Handel secured some extraordinary singers in Dresden, where the Italian opera was blooming. In addition to Boschi, the bass, who had sung in “Rinaldo”, he bagged the great Signora Durastanti and the castrato Senesino, who until the subsequent coming of the mighty Farinelli, was perhaps the artificial soprano whom London most worshipped at a time when castrati were completely the rage. Senesino played incredible havoc with the hearts of deluded women. Handel, in addition to the countless duties of a music-director had also operas to compose, and in due season he was somehow turning out three a year. Nicola Francesco Haym supplied him with a libretto adapted from Tacitus, “Radamisto”, and this work, produced on April 27, 1720, was a triumph such as even Handel had never experienced. It ran till the season ended late in June; “crowds flocked to ‘Radamisto’ like a modern mob to a notorious prize-fight.” (Newman Flower)

The first season of the Royal Academy finished in a flourish, aided by the circumstance that the metropolis was in the throes of an orgy of financial speculation.
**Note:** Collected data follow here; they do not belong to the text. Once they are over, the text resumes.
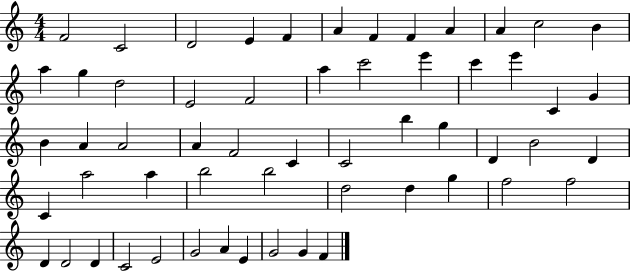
{
  \clef treble
  \numericTimeSignature
  \time 4/4
  \key c \major
  f'2 c'2 | d'2 e'4 f'4 | a'4 f'4 f'4 a'4 | a'4 c''2 b'4 | \break a''4 g''4 d''2 | e'2 f'2 | a''4 c'''2 e'''4 | c'''4 e'''4 c'4 g'4 | \break b'4 a'4 a'2 | a'4 f'2 c'4 | c'2 b''4 g''4 | d'4 b'2 d'4 | \break c'4 a''2 a''4 | b''2 b''2 | d''2 d''4 g''4 | f''2 f''2 | \break d'4 d'2 d'4 | c'2 e'2 | g'2 a'4 e'4 | g'2 g'4 f'4 | \break \bar "|."
}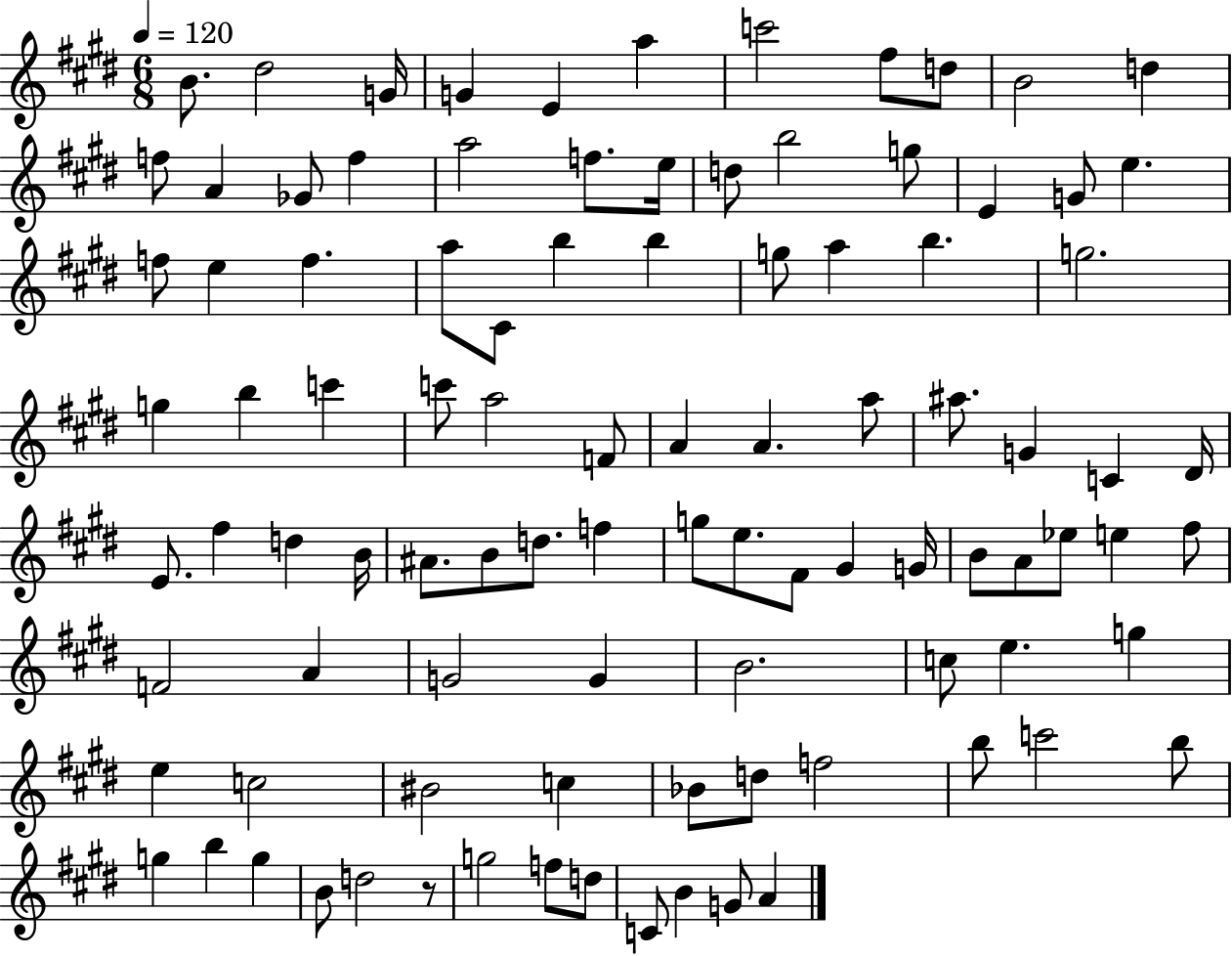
B4/e. D#5/h G4/s G4/q E4/q A5/q C6/h F#5/e D5/e B4/h D5/q F5/e A4/q Gb4/e F5/q A5/h F5/e. E5/s D5/e B5/h G5/e E4/q G4/e E5/q. F5/e E5/q F5/q. A5/e C#4/e B5/q B5/q G5/e A5/q B5/q. G5/h. G5/q B5/q C6/q C6/e A5/h F4/e A4/q A4/q. A5/e A#5/e. G4/q C4/q D#4/s E4/e. F#5/q D5/q B4/s A#4/e. B4/e D5/e. F5/q G5/e E5/e. F#4/e G#4/q G4/s B4/e A4/e Eb5/e E5/q F#5/e F4/h A4/q G4/h G4/q B4/h. C5/e E5/q. G5/q E5/q C5/h BIS4/h C5/q Bb4/e D5/e F5/h B5/e C6/h B5/e G5/q B5/q G5/q B4/e D5/h R/e G5/h F5/e D5/e C4/e B4/q G4/e A4/q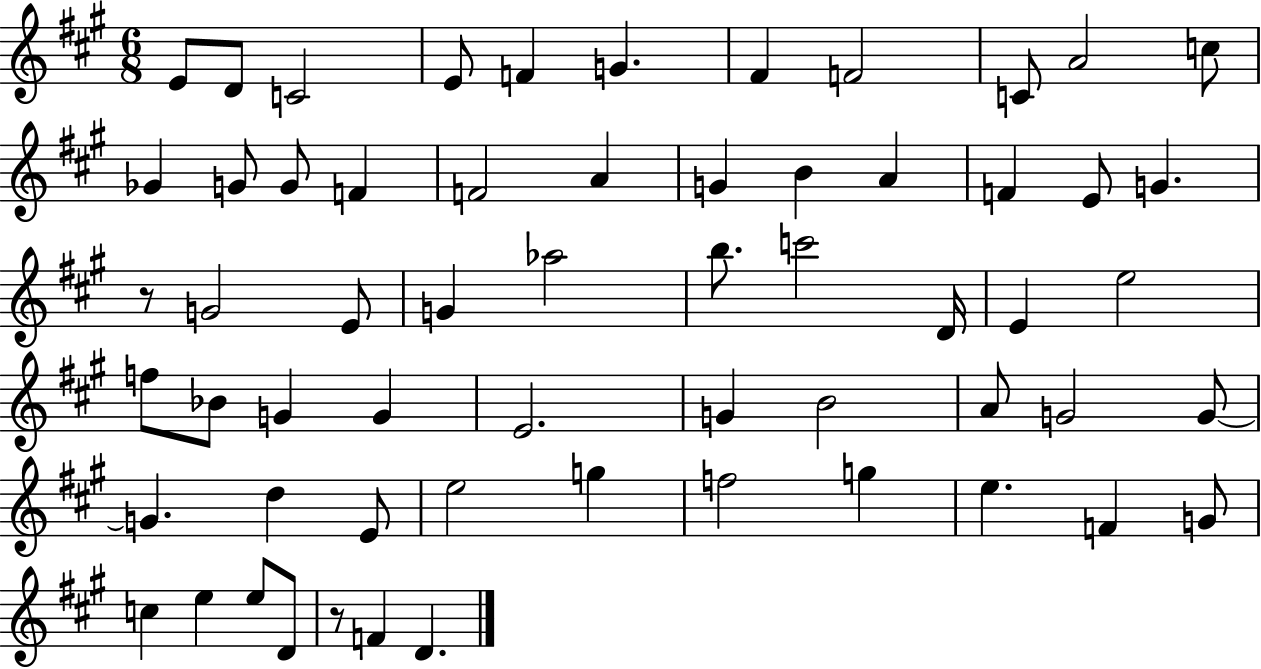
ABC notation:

X:1
T:Untitled
M:6/8
L:1/4
K:A
E/2 D/2 C2 E/2 F G ^F F2 C/2 A2 c/2 _G G/2 G/2 F F2 A G B A F E/2 G z/2 G2 E/2 G _a2 b/2 c'2 D/4 E e2 f/2 _B/2 G G E2 G B2 A/2 G2 G/2 G d E/2 e2 g f2 g e F G/2 c e e/2 D/2 z/2 F D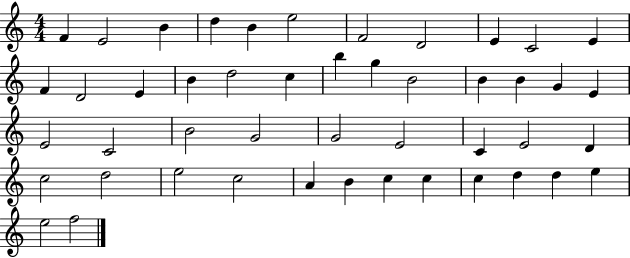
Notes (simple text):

F4/q E4/h B4/q D5/q B4/q E5/h F4/h D4/h E4/q C4/h E4/q F4/q D4/h E4/q B4/q D5/h C5/q B5/q G5/q B4/h B4/q B4/q G4/q E4/q E4/h C4/h B4/h G4/h G4/h E4/h C4/q E4/h D4/q C5/h D5/h E5/h C5/h A4/q B4/q C5/q C5/q C5/q D5/q D5/q E5/q E5/h F5/h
We can read of incredible schemes and “bubbles” with the help of which money was to be lured from private pocket-books. Newman Flower tells of “one for trading in hair, another for the universal supply of funerals in Great Britain, one for a wheel of perpetual motion, one ‘for carrying on an undertaking of great advantage, but nobody to know what it is’.” Still another project contemplated “breeding silkworms in Chelsea Park.” By the time things were ready for the opening of the Academy’s second season Lord Burlington imported from Rome the composer Giovanni Battista Bononcini, possibly not dreaming that he was introducing a dangerous rival to Handel. In his little way Bononcini had talent and charm, as well as a conceit out of all proportion to his pleasant gifts. An opera of his was produced at the Academy with Senesino in the cast and enjoyed a good run, while a composite work, called “Muzio Scevola”, with one act by Handel, another by Bononcini and a third by a mediocrity, Filippo Mattei, followed. The results of the increasingly complicated situation were to precipitate a contest that split London’s high society into factions. The cynical John Byrom compressed it into an epigram, part of which has entered the English language:

Some say, compared to Bononcini,

That Mynherr Handel’s but a ninny;

Others aver that he to Handel

Is scarcely fit to hold a candle.

Strange, all this difference should be

’Twixt Tweedledum and Tweedledee.

Be all of which as it may, Handel presently had the mortification of seeing his own new “Floridante” fail while Bononcini’s pretty “Griselda” packed the theatre like nothing since “Radamisto!”